En este tramo de la novela abundan los sucesos. Se habla de profesiones, amores, una guerra civil en Alemania, lecturas, películas, música. Sin embargo, todo eso es un dilatado pretexto para llegar a la tercera y definitiva fase del libro, que a su vez comprende tres unidades temporales: una década, un año, un día. En el último episodio los personajes dispersos visitan al narrador. Es el fin: ya no pueden ser narrados a distancia.
La caprichosa estructura de la novela –una trama que avanza aplazando–; el narrador autorreferente que comenta lo que escribe, y la minuciosa historia natural del entorno –la nueva ecología del Märchen–, hacen que libro sea por momentos intransitable. El propio narrador se refiere a la torpeza de su construcción. En la medida en que busca una forma refractaria a los cánones y los gustos en curso, admite la posibilidad de fracaso. Quien busque defectos los encontrará con tanta facilidad, y tan señalados por el propio autor, que perderá el placer de criticarlos. En su condición de ejercicio al margen, la novela polemiza con el género y desnuda sus limitaciones: sólo se refunda lo imperfecto.
La apuesta es mayúscula: encontrar el orden oculto del mundo, fijar lo que surgió para pasar inadvertido, traicionar la vocación de anonimato del espacio contemporáneo, dejar huella.
El proceso requiere de una voz a medio camino entre el ensayo y la fabulación. Novela de intersecciones, El año que pasé en la bahía de nadie se ubica en un cruce de autopistas, entre una gran ciudad y un bosque, y entre dos géneros literarios. Su logro esencial consiste en no perder su condición limítrofe, fronteriza, en habitar un hueco.
El temperamento del narrador participa de estos cruces. A propósito de Dostoievski, Kafka escribió en su Diario: “Método especial de pensamiento. Impregnado de sensibilidad.” En sus Inbilder, Handke piensa la sensación y siente la abstracción.

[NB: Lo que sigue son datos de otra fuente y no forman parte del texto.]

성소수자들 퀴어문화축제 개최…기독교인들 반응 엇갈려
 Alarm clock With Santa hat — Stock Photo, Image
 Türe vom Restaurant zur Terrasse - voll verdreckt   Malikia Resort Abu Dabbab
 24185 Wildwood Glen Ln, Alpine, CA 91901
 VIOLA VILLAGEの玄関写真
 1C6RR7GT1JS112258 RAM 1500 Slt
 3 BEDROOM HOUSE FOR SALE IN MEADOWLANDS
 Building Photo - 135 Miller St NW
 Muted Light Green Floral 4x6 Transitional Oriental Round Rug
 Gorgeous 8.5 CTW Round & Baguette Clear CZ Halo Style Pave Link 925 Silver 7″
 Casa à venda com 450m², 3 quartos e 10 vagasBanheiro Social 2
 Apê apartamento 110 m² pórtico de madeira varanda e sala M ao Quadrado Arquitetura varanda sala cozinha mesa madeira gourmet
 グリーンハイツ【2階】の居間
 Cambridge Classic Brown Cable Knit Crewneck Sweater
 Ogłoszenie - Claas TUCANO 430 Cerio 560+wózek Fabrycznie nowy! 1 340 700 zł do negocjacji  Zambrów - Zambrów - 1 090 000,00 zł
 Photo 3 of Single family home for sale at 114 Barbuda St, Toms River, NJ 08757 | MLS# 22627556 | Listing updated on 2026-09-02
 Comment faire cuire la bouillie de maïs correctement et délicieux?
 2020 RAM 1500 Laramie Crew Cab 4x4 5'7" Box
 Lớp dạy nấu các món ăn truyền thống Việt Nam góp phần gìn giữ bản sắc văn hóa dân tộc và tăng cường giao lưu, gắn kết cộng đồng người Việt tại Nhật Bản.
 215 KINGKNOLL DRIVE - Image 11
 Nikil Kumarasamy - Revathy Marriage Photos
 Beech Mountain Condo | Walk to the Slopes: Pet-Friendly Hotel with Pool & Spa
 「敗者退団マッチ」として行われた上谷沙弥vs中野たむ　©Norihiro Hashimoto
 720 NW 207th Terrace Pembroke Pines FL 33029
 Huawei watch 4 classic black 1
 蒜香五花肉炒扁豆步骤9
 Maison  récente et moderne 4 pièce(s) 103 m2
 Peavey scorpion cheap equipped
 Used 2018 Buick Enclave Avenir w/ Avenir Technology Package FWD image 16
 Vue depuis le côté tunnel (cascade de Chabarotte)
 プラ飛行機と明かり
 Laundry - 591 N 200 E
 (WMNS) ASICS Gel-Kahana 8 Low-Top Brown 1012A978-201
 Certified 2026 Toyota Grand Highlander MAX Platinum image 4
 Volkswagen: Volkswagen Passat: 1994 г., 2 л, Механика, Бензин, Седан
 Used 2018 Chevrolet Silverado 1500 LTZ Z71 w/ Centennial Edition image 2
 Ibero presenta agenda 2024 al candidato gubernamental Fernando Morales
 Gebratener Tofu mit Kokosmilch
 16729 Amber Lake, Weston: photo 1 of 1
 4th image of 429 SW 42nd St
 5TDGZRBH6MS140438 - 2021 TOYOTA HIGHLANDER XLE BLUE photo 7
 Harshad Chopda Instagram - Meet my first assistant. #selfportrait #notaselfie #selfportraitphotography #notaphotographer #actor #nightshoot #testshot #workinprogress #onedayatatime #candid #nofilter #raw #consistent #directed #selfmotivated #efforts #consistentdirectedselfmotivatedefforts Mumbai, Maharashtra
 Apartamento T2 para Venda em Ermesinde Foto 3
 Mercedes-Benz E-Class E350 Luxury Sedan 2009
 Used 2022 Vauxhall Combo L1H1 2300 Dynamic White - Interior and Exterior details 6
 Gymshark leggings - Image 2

El año que pasé en la bahía de nadie representa un lugar a dudas, una zona de incertidumbre donde lo permanente está en tránsito. En El peso del mundo escribe el autor: “Literatura: descubrir los lugares todavía no ocupados por el sentido”. La Bahía de Nadie ofrece esa revelación. El nombre del lugar es un apodo, descubierto por el narrador cuando contempla el territorio desde una torre y advierte su silueta de puerto posible.
Edificado contra la interpretación, amorfo, estéril, meramente utilitario, ese espacio origina otra forma de narración. Como sabían los hermanos Grimm, el bosque del encantamiento no depende de los árboles; depende del paseante.
Peter Handke camina entre los signos.